Ephraim wasn’t ready for such a question. He became nervous and was afraid the soldiers would realize that the kids were really studying Torah, a clear violation of the Greek rules.

Then little Eliezer spoke up for the first time. "We came outside to play because we were upset with the others. We don’t want to play with them anymore."

"Ah ha," said the soldier. But it seemed like he didn’t buy their story. Without any further notice, he barged into the cave, in anticipation of catching the little hoodlums learning Torah. To his surprise, he found them all sitting on the floor in pairs spinning tops that are called dreidles. There was a small pile of nuts in the middle of the floor that was used as the kitty. The dreidels were made out of wood and had four sides to them. Each side had a Hebrew letter written on it.

By this time the head soldier was getting a little upset with his comrades. "Gregory, why did you bring me here? These kids are just playing games!"

"We were sure that they were learning the Torah," said Gregory, the younger soldier. "Our secret intelligence service said that in this cave, Jews are breaking the Greek rules.

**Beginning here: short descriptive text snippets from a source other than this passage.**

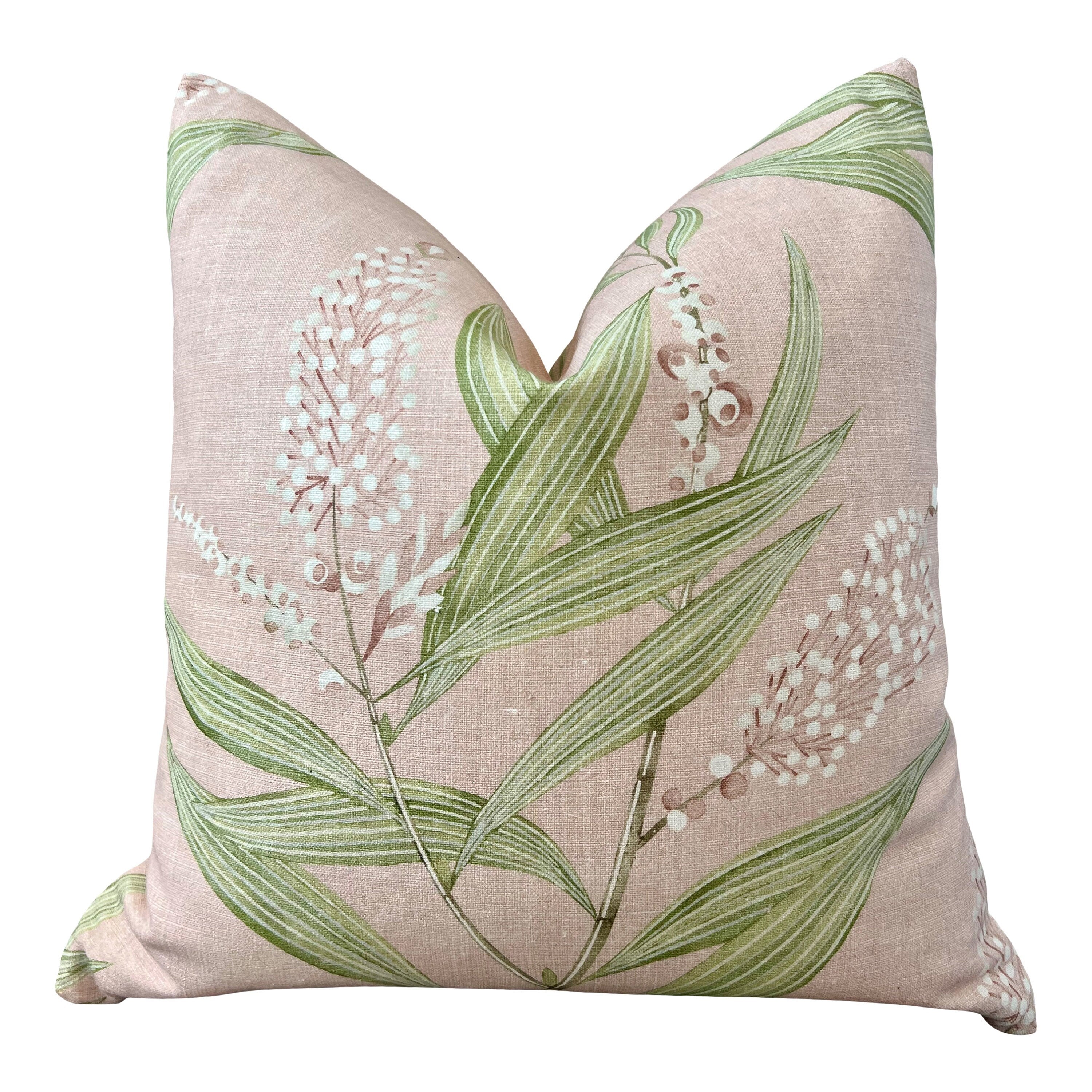 Winter Bud Floral Pillow in Blush. Designer Pillows, High End Pillow Floral Covers, Euro Sham Case 26"X26", Accent Blush Lumbar Pillows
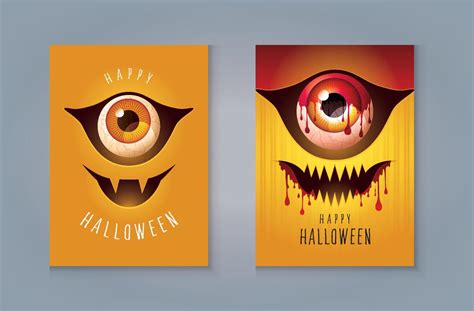 Happy Halloween Party, Set of Abstract Halloween Creepy Scary face ...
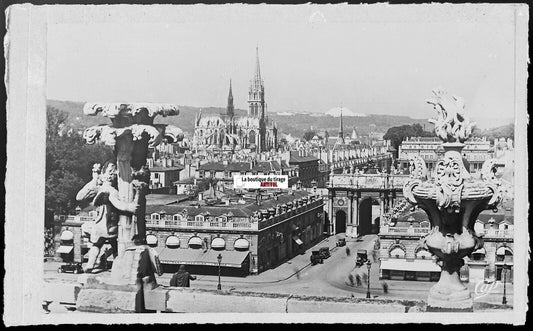 Plaque verre photo vintage, négatif noir & blanc 9x14 cm, place Stanislas Nancy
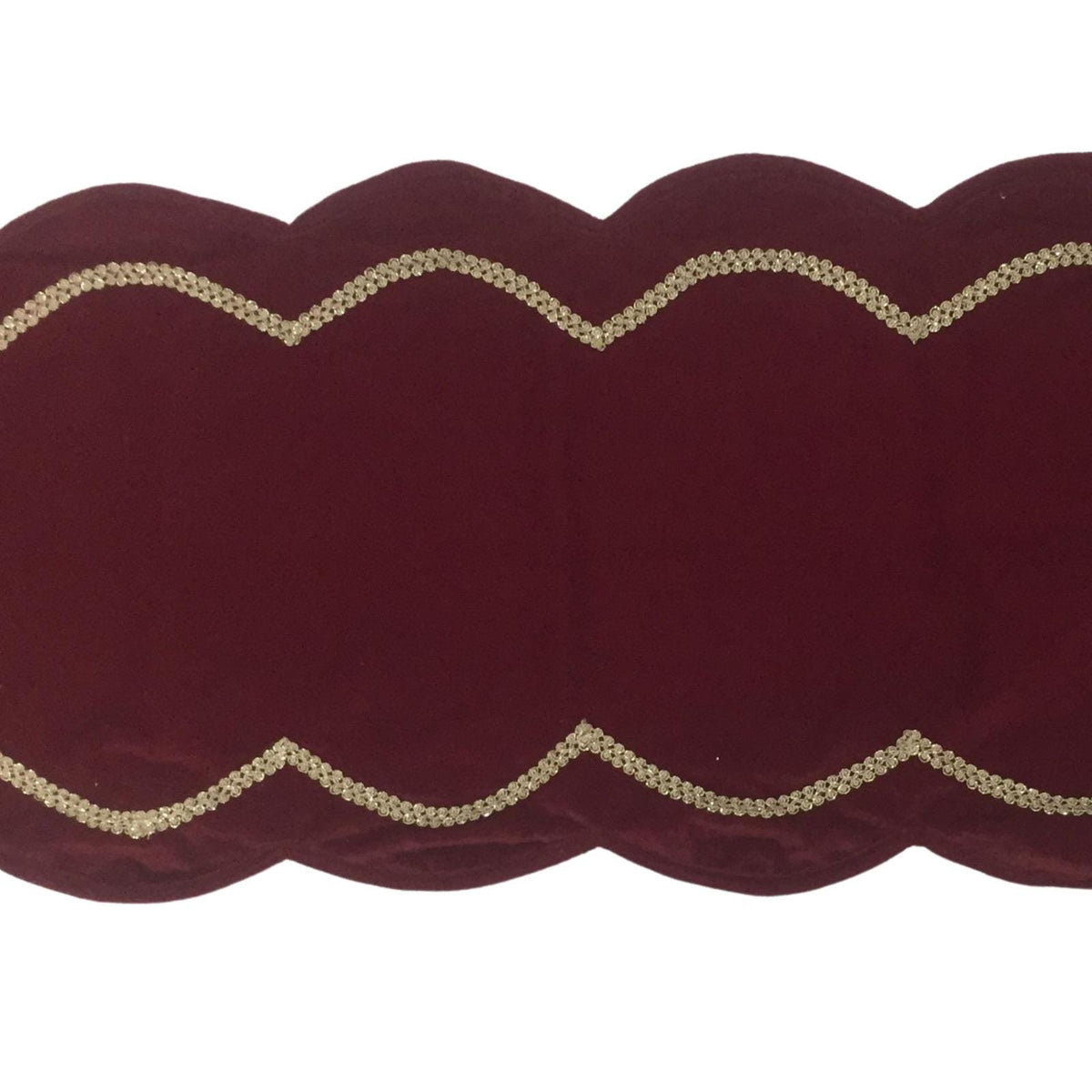 Table runner velvet Handcrafted Scallop Design burgundy wine Velvet, Gold Trim Double Layer Heirloom by HOME HEART Brands(Made in India)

"Well, maybe there is some secret about those little tops they are playing with," wondered the head soldier. "Hey you," he called to one of the kids. "Give me that top you’re playing with. What do these letters mean?"

"Oh," said the boy. "They’re just the initials of different names of the children. The letter Nun stands for Nachman, the letter Gimmel stands for Gedaliah, the letter Yud stands for Yehuda and the letter Pey stands for Pinchas."

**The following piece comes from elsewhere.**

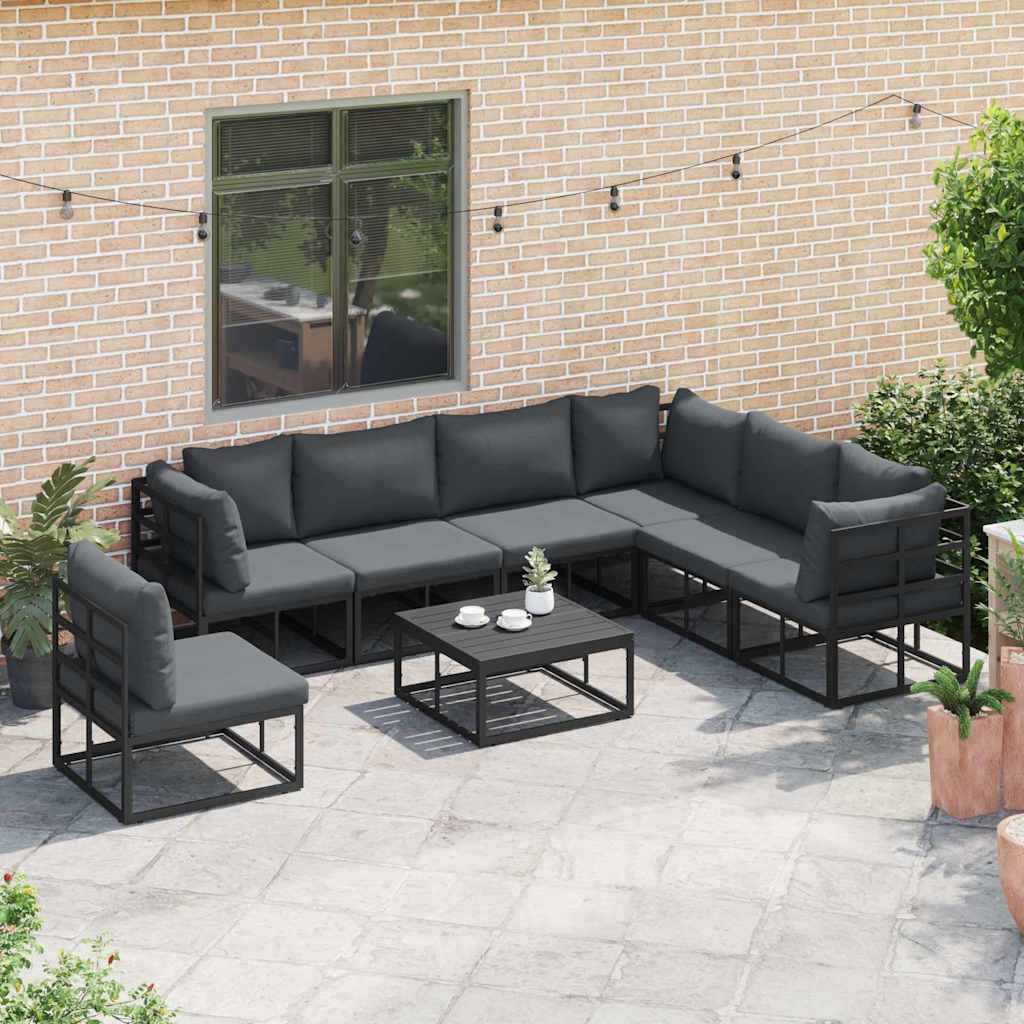 Garten-Sofa-Set mit Kissen 8 pcs Schwarz Aluminium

The head soldier was fed up. "Gregory, you’ve wasted my time. I had to come all the way up here to find kids playing children’s games?! Why I could have been doing something much more important with my time." The soldiers all left the cave and started down the path.

Rabbi Shmuel smiled and told the children, "You see kids, the danger has passed. We’re alright. Tell me," inquired Rabbi Shmuel, "what is the real meaning of those letters you wrote on the sides of the dreidels?"

Eliezer came forward and said, "Nun, Gimmel, Yud and Pey." They really stand for, Nes Gadol Y’hiyeh Po. A great miracle will happen here."

"Amen," said Rabbi Shmuel. "May your words come true. We will need a miracle to overcome the Greeks."

Since the miracle of Chanukah so long ago, children have always played with dreidels during these eight days. One slight change, however, is that instead of the letter Yud, the letter Hey is written. Instead of saying, "A great miracle WILL happen here," we say, "A great miracle HAPPENED here."

dreidels that are used outside of the land of Israel also have one slight change. The letter Shin replaces the letter Pey. Instead of: A great miracle happened HERE, the dreidel reads: A great miracle happened THERE.

Discussion Questions:

Q. How do you think the Jewish people felt about keeping the Torah secretly? Wouldn’t it have been much easier to simply give up and be like the Greeks?

A. When something is important to us, we stand up for it, even if it means being inconvenienced. Certainly the easy way out would have been to forget about their Jewishness, but it was important to them and they realized that the future depended on it.

Q. Why do you think the Greeks picked specifically on the things the Jews did -- like Shabbat, keeping the Jewish calendar and Torah learning?

A. These particular observances are critical to Judaism. The Greeks goal was to uproot Judaism by getting the Jews to assimilate, so they made decrees against these major areas. Torah learning is the basis for everything Jewish. Shabbat because it is the one day of the week that we demonstrate God as the Creator of the world. And just as the world was created in 6 days, but on the 7th day there was no creation, so too the Jewish People take this day off to rest and think about life and the world. By keeping the Jewish calendar, the Jews stick to their own holidays. All of these things are saying, stay Jewish.

Q. How would you feel and what would you do if the U.S. government outlawed Judaism? (This was done in recent years, in the Soviet Union!)

Q. Have you ever experienced any anti-Semitism, like from bullies at a park, or at your school? How did it make you feel?